Palace deserved to win. They had the better of a game that took an age to catch light and would have won in normal time had it not been for Watford's former Arsenal goalkeeper Manuel Almunia. With the Hornets lacking any sting it was the Spaniard who pushed the game into extra-time. Finally, after 105 minutes, Manchester United-bound Wilfried Zaha produced one trick too many for Watford's Marco Cassetti whose trip conceded the penalty.
Thus it was that Palace's two loanees – Phillips belongs to Blackpool, Zaha has been lent back by United – combined to defeat a team who used 10 loanees on the day, nine of them belonging to clubs controlled by Watford's owners the Pozzo family.
This reliance on borrowed players has met with criticism – but is it that much worse than clubs being funded by parachute payments or, as with automatically-promoted Cardiff City and Hull City, by sugar daddies?
What is undeniable is the impressive way Gianfranco Zola has sifted through his vast squad to find a winning team while playing a 46-match league season.
This, though, was a match too many for Watford who rarely produced the vibrant, attractive, passing football that has been their hallmark this season. They began, as usual, with three at the back but Palace's wide men, Jonathan Williams and Zaha pushed on so far that it quickly became five at the back with three men marking Aaron Wilbraham.
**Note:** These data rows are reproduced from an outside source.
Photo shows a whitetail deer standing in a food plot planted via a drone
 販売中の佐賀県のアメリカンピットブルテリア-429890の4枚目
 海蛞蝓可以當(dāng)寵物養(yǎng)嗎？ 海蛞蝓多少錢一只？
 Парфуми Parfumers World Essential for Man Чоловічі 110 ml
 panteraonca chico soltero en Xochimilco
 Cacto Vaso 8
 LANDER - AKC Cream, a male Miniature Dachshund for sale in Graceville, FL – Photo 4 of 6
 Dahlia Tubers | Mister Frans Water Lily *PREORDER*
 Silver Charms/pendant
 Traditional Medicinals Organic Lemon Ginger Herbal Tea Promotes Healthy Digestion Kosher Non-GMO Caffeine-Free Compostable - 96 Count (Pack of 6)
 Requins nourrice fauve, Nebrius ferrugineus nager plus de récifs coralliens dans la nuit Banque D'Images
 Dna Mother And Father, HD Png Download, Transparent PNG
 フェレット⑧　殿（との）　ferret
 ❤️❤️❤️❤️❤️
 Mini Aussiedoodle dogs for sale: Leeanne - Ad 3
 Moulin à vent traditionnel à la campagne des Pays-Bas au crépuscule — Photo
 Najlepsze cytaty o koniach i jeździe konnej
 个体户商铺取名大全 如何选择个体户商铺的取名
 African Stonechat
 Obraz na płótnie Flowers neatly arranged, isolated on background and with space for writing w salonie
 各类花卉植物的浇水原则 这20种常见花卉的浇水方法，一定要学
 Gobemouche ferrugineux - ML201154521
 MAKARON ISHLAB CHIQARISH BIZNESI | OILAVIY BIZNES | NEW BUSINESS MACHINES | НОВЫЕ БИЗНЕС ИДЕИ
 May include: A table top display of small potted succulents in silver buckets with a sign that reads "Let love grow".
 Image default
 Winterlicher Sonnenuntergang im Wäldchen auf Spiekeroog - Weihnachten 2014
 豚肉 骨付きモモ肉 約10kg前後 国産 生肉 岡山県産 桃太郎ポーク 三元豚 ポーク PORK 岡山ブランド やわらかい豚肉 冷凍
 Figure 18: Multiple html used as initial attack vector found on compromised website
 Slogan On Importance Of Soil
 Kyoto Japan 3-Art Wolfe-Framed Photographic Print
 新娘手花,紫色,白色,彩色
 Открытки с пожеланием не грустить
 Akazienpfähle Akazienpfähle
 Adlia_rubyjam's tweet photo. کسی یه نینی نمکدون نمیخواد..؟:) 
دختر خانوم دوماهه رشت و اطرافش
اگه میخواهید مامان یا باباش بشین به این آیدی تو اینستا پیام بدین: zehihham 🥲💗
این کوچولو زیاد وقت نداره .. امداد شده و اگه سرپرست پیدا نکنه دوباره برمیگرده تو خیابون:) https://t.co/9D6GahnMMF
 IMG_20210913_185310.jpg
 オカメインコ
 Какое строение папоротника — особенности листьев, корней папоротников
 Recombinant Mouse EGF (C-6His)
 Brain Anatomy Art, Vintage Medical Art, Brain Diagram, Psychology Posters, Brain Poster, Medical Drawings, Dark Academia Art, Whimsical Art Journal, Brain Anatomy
That gave Palace a numerical superiority in midfield and they dominated possession for much of the first half-hour.
However, though Zaha looked a threat whenever he was in possession Palace were unable to translate their territorial advantage into chances. With Kagisho Dikgacoi limping off injured and Palace's other holding player, Mile Jedinak, constrained by a booking, Watford were eventually able to press themselves and created the only real chance of the half. However, not only did Damien Delaney block Matej Vydra's shot, but the Czech suffered an injury which prevented him returning for the second period.
After this soporific first half both teams emerged to show greater intent. Almen Abdi and Alex Geijo wasted good opportunities to at last test Julian Speroni before Almunia was forced into a brace of saves. First he denied Stuart O'Keefe with his legs after Zaha had released the substitute, then the veteran Phillips. As the chances came and went – Danny Gabbidon mis-cuing at the far post, Wilbraham and Jedinak denied by Almunia – it increasingly seemed the absence of 30-goal Glenn Murray would cost Palace. This seemed underlined when Watford roused themselves in extra-time.
Speroni, though, was as sure-handed as Almunia. The Argentine recovered well to palm the ball away as Troy Deeney looked set to tap in Abdi's cross and then held Cristian Battocchio's swerving drive.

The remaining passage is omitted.